Monday, June 11, 2012

Part II: Embellishing Nonfiction with Technique

Virginia Woolf, 25 January 1882
If you do not tell the truth about yourself, you cannot tell it about other people.
                                                                                                                                  Virginia Woolf


Here are more ideas for making nonfiction as vibrant as fiction.

  • Write evocative scenes.
    • Create visual images for your reader, rich with colors, smells, fabrics, furniture, and typical 1970s wallpaper, for example, so close to your childhood kitchen that your brother will recognize it with a pang of nostalgia (or anxiety, perhaps). Yes, you may have to remember the wallpaper pattern via a bit of web research, but that's easy to do.
  • Weave reflection and scene and summary with a balance that is both satisfying and intriguing. 
    • Keep the content lively by balancing passages of meaning-making with scenes and summary of scenes.
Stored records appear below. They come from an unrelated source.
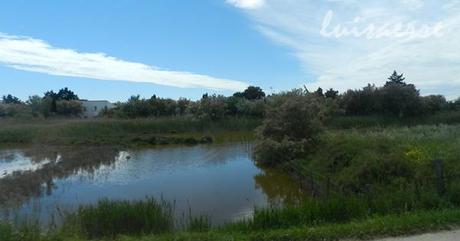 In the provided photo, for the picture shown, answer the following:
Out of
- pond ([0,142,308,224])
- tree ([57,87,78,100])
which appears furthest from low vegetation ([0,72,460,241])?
tree ([57,87,78,100])

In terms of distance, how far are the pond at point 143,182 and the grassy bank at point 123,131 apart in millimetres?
11547

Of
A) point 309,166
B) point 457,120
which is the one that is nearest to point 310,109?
point 309,166

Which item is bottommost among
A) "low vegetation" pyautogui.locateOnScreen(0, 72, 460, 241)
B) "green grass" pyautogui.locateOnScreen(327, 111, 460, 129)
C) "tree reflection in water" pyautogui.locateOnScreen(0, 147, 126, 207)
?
"tree reflection in water" pyautogui.locateOnScreen(0, 147, 126, 207)

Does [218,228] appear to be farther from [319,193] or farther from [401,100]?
[401,100]

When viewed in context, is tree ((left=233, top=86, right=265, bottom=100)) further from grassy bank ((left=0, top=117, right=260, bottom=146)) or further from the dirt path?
the dirt path

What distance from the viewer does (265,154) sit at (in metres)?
30.6

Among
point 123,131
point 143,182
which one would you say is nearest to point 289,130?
point 143,182

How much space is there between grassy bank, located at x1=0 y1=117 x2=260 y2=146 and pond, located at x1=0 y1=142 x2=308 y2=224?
1155cm

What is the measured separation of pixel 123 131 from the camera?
60031 millimetres

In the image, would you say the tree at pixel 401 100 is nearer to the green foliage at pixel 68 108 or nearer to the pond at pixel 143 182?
the pond at pixel 143 182

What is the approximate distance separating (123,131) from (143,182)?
120 ft

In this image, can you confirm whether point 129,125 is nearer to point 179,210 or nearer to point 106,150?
point 106,150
Writing comes alive when reflection and philosophizing is punctuated with anecdote, scenes, allusions and metaphor.
  • Express--explicitly or implicitly--a universal, permanent meaning to human experience. 
    • Literary nonfiction, by definition, delivers more than mere life experience. We read memoir and first-person essays to learn about the world from another person's perspective. Note graduation speeches--those full of platitudes and those that have something meaningful to say. Find some dynamic ones here on Maria Popova's excellent blog, Brain Pickings
  • Acknowledge faulty memory, ambiguity, bias.
    • Here's the most honest way to be honest and authentic. Don't cover for yourself. Don't write what you think the reader wants or needs to hear. Write the truth realizing that everyone's truth contains faulty memory, ambiguity, and bias. 
    • You can't remember everything, so let the reader know when you are imagining something: "I think she was wearing a heavy pea coat that disguised the pregnancy,but it could have been a caftan. It was a long time ago, but I do remember exactly what she said as I approached her."
    •  Let the reader know when you aren't sure: "It could have been that I really wanted to imitate Alice Water's lifestyle or I could have merely responded through boredom. I was young and didn't know myself at all." 
    • Let the reader know your bias: "His politics bothered me and I wasn't sure I could be civil knowing his narrow views."   
  • Note: We are starting to get sign ups for The Heart of Memoir Writing Workshop to be held in the South of France in October. We expect full enrollment and a fabulous week of writing workshop and cultural excursions. Find details and photos: France, In Other Words.

Monday, June 4, 2012

Part I: Embellishing Nonfiction with Technique



Alice Waters

 We can't think narrowly. We have to think in the biggest way possible.  
                                        
                                                                                                           
Never refrigerate papayas.
                                                                                                              Alice Waters
  
In recent posts I've attempted to figure out why some writers have a hard time sticking to the truth in narrative nonfiction writing--travel, food, and memoir essays in this case. So I've put together some ideas based on my analyses of published memoir and of my own composing process.
Here are four ways to enliven nonfiction writing while keeping it true to actual life experience:

  • Write exactly what happened, as close as possible to your best, thoughtful memory.
    • The truth is often more interesting, shocking, and vibrant than what you can make up. I couldn't have made this up: The other day my cousin told me that her father announced her birth to his in-laws in the 1950s by saying, "The baby is a woman!" Funny, frightening and completely weird.
  • Stimulate your memory. 
    • Study childhood photos, maps of your hometown, or the location of your travel essay; web-search the 1970s in Morocco when you backpacked there from Spain, for example.  Talk to pertinent people involved--your siblings, parents, travel companions for their perspectives and memories. The same way knowledge builds on knowledge, memory builds on memory. Recollecting in a calm state, aided by such research, can bring forth more than you thought you knew.
    
  • Re-create dialogue.
    • Few can remember word for word conversations from the past--except all those admonitions our parents seemed to repeat hourly. But we can remember the tone and inflections of critical dialogue; we can remember the vocabulary different people use, and we can recreate dialogue that is faithful to the emotional truth of the memory.
  • Conflate events and scenes. 
    • Instead of listing every visit you made to Alice Waters' bungalow in Berkeley, you might conflate three visits into one. Writers do this for concision and impact. Unless the story depends on the three visits, at three distinct times, conflating them retains an emotional truth in the narrative. (This humorous food essay inspired the topic for my example. I have no idea how many visits Daniel Duane actually made to Alice Waters' home.)